The sorting patterns were defined with the hope of gathering similar-sounding words; however I don't know an iota of Geez, so I have taken the above claim quite literally...

The concordances

You can browse through the HTML concordances starting at these pages:

Each page has about 1000 lines and 200-400 KB.

To find a given word of phrase, use the alphabetic index:

These indices are about 1.6MB each. (I can produce a split index, if people have trouble downloading the whole thing).

Compressed archives

The total size of the VMS concordance is 16 MB (1.6MB for the index file and 100-400 KB for each of the 70 sections); and the other concordances aren't much smaller than that. So, if you wish to fetch more than a couple of pages of some concordance, you are advised to download the compressed archive (about 2 MB), and install it on your local disk.

Machine-readable concordances

You can also fetch the concordances in machine-readable format, without the HTML formatting:

Each file is about 1.5 MB compressed, expanding to 4--6 MB. Files ending in ".gz" are compressed with Unix's "gzip"; files ending in ".zip" are in Windows-compatible archive format.

These files have one record for each entry (without the pattern headers), in the format

LOC TRANS START LENGTH LCTX STRING RCTX PATT STAG PNUM 1 2 3 4 5 6 7 8 9 10 where

LOC is a line locator, like "f1r.11", "f86v2.R1.12a" etc.
TRANS is one or more letters identifying the transcribers, e.g. "AFCD" means the phrase occurs in the majority version ("A"), the FSG transcription ("F"), the Currier/D'Imperio transcription ("C") and its variant copy ("D").
START is the index of the first byte of the occurrence of STRING in the text line (counting from 1).

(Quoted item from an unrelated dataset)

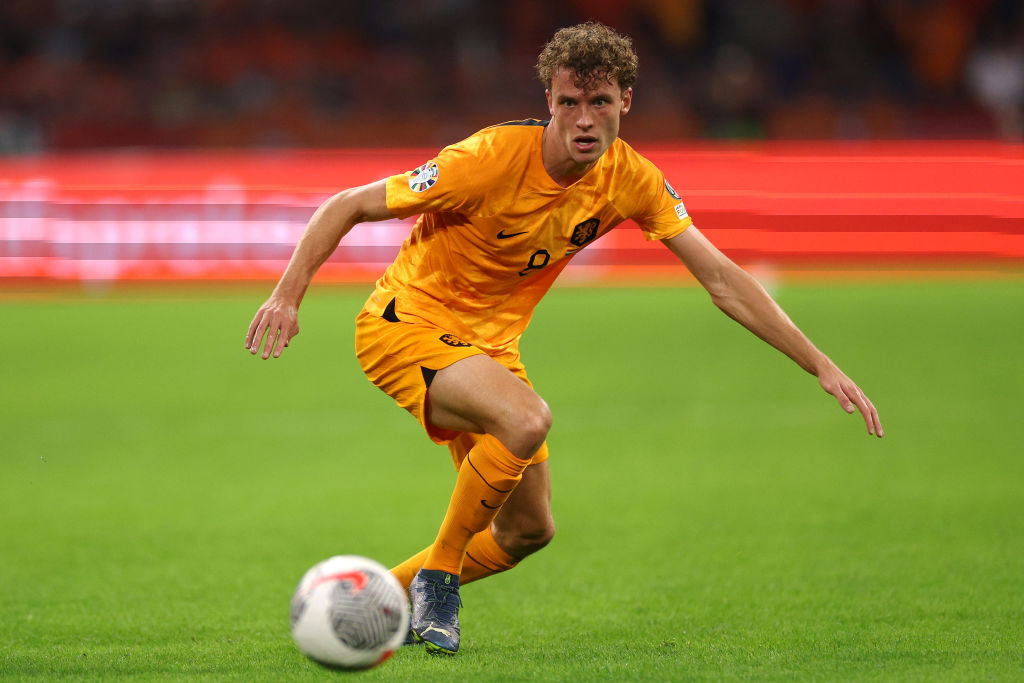 FabrizioRomano's tweet image. 🚨🇳🇱 Brighton have started talks with Mats Wieffer's agents as he's been included in club shortlist, one of several players also monitored by AC Milan.

Brighton have started talks on player side, waiting to advance with Feyenoord as per @1908nl.

Hürzeler has approved Wieffer.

Note that START=1 is actually column 20 of EVMT-formatted text.
LENGTH is the original length of the occurrence in the text, including all fillers, comments, spaces, etc..
LCTX is the left context of STRING (zero or more words; at least one delimiter).
STRING is the non-empty word or phrase in question, without any fillers, comments, non-significant spaces, etc..
RCTX is the right context of STRING (zero or more words; at least one delimiter).
PATT the sorting pattern, derived from STRING; see above.
STAG a tag identifying a section of the VMS, e.g. "hea" or "bio".
PNUM is the page's p-number (sequential, hence handy for sorting).

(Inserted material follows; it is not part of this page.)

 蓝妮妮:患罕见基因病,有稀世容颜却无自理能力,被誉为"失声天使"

In STRING, LCTX, and RCTX the symbol "/" is used instead of "-" to denote line breaks, in order to distingish them from embedded "-" denoting gaps, vellum defects, intruding figures, etc.

The STRING is a single and whole Vms word, as delimited by EVA word separators [-/=,.]; or a sequence of two or more consecutive words, up to a certain maximum length (17 non-space characters in this edition).

The delimiters that surrounded the STRING in the original text are not included in the string itself, but are included in the context strings.

The input texts

Finally, you can fetch the texts that were used to created these files:

The VMS text is the interlinear 1.6e6, minus the #-comments. The other texts were recast in the EVMT format, and this process may have introduced errors and loss of text. Please refer to the original sources if you plan to use them for purposes unrelated to this concordance.